Thread: ERROR: invalid spinlock number: 0
Hi, Commit 3b733fcd04 caused the buildfarm member "rorqual" to report the following error and fail the regression test. The cause of this issue is a bug in that commit. ERROR: invalid spinlock number: 0 But while investigating the issue, I found that this error could happen even in the current master (without commit 3b733fcd04). The error can be easily reproduced by reading pg_stat_wal_receiver view before walreceiver starts up, in the server built with --disable-atomics --disable-spinlocks. Furthermore if you try to read pg_stat_wal_receiver again, that gets stuck. This is not good. ISTM that the commit 2c8dd05d6c caused this issue. The commit changed pg_stat_get_wal_receiver() so that it reads "writtenUpto" by using pg_atomic_read_u64(). But since "writtenUpto" is initialized only when walreceiver starts up, reading "writtenUpto" before the startup of walreceiver can cause the error. Also pg_stat_get_wal_receiver() calls pg_atomic_read_u64() while a spinlock is being held. Maybe this may cause the process to get stuck in --disable-atomics case, I guess.
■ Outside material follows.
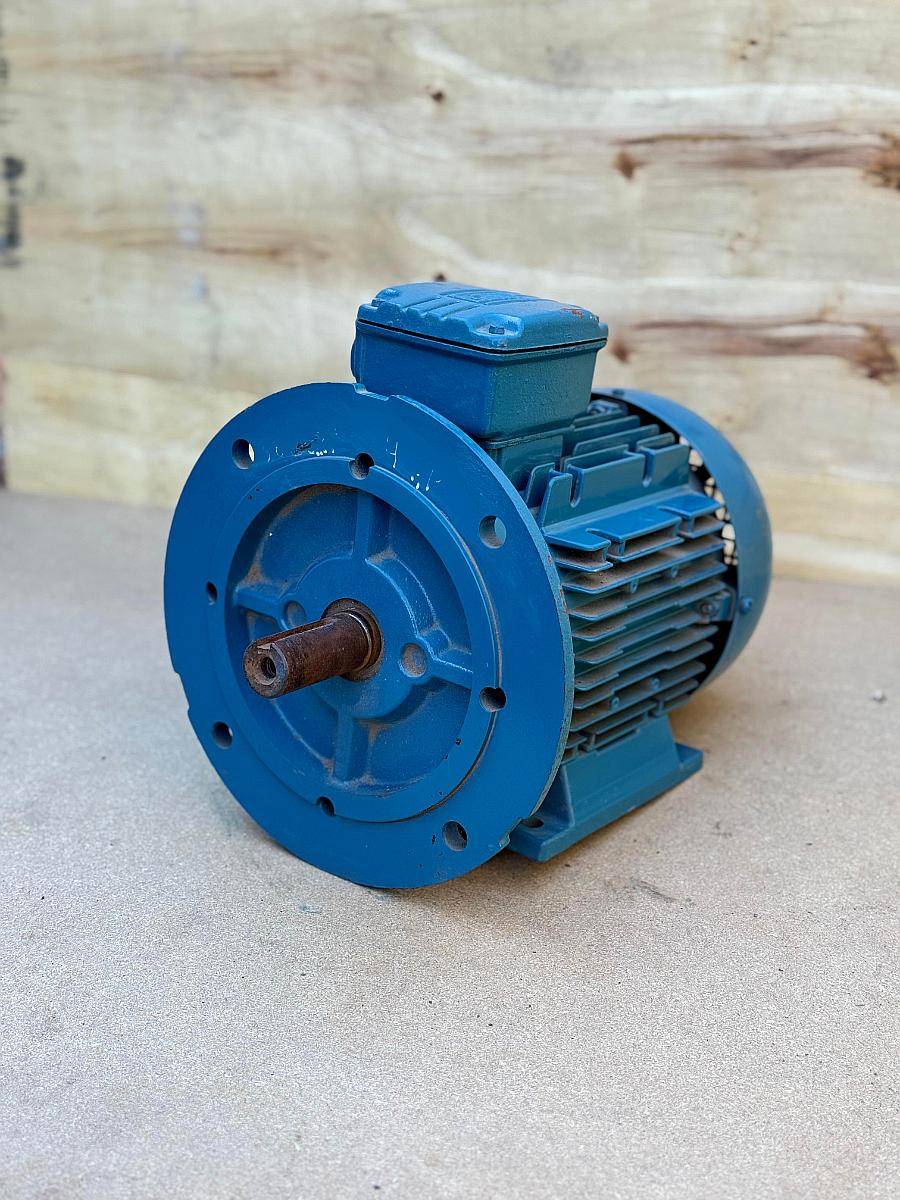 Motor Electrico WEG de 4 HP 2900rpm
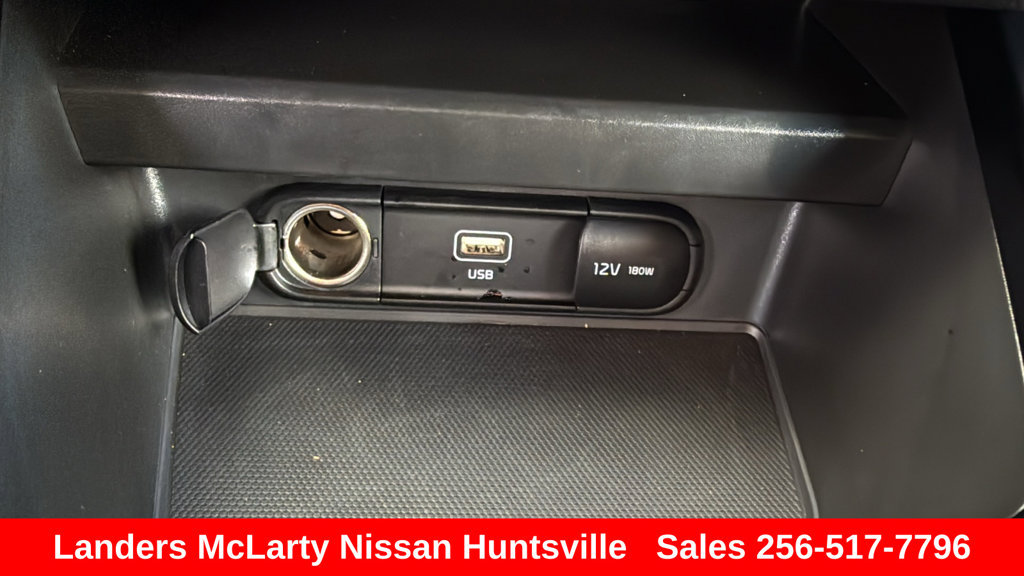 Used 2025 Kia Soul LX FWD image 32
Thought? Regards, -- Fujii Masao Advanced Computing Technology Center Research and Development Headquarters NTT DATA CORPORATION
Hi Fujii-san, On Tue, Feb 09, 2021 at 11:17:04PM +0900, Fujii Masao wrote: > ISTM that the commit 2c8dd05d6c caused this issue. The commit changed > pg_stat_get_wal_receiver() so that it reads "writtenUpto" by using > pg_atomic_read_u64(). But since "writtenUpto" is initialized only when > walreceiver starts up, reading "writtenUpto" before the startup of > walreceiver can cause the error. Indeed, that's a problem. We should at least move that out of the spin lock area. I'll try to look at that in details, and that's going to take me a couple of days at least. Sorry for the delay. -- Michael
Attachment
On 2021/02/11 21:55, Michael Paquier wrote: > Hi Fujii-san, > > On Tue, Feb 09, 2021 at 11:17:04PM +0900, Fujii Masao wrote: >> ISTM that the commit 2c8dd05d6c caused this issue. The commit changed >> pg_stat_get_wal_receiver() so that it reads "writtenUpto" by using >> pg_atomic_read_u64(). But since "writtenUpto" is initialized only when >> walreceiver starts up, reading "writtenUpto" before the startup of >> walreceiver can cause the error. > > Indeed, that's a problem. We should at least move that out of the > spin lock area. Yes, so what about the attached patch? We didn't notice this issue long time because no regression test checks pg_stat_wal_receiver. So I included such test in the patch. Regards, -- Fujii Masao Advanced Computing Technology Center Research and Development Headquarters NTT DATA CORPORATION
Attachment
On Thu, Feb 11, 2021 at 11:30:13PM +0900, Fujii Masao wrote: > Yes, so what about the attached patch? I see. So the first error triggering the spinlock error would cause a transaction failure because the fallback implementation of atomics uses a spinlock for this variable, and it may not initialized in this code path. > We didn't notice this issue long time because no regression test checks > pg_stat_wal_receiver. So I included such test in the patch. Moving that behind ready_to_display is fine by me seeing where the initialization is done. The test case is a good addition. + * Read "writtenUpto" without holding a spinlock. So it may not be + * consistent with other WAL receiver's shared variables protected by a + * spinlock. This is OK because that variable is used only for + * informational purpose and should not be used for data integrity checks. It seems to me that the first two sentences of this comment should be combined together. -- Michael
Attachment
On Mon, Feb 15, 2021 at 9:27 PM Michael Paquier <michael@paquier.xyz> wrote: > On Thu, Feb 11, 2021 at 11:30:13PM +0900, Fujii Masao wrote: > > Yes, so what about the attached patch? > > I see. So the first error triggering the spinlock error would cause > a transaction failure because the fallback implementation of atomics > uses a spinlock for this variable, and it may not initialized in this > code path. Why not initialise it in WalRcvShmemInit()?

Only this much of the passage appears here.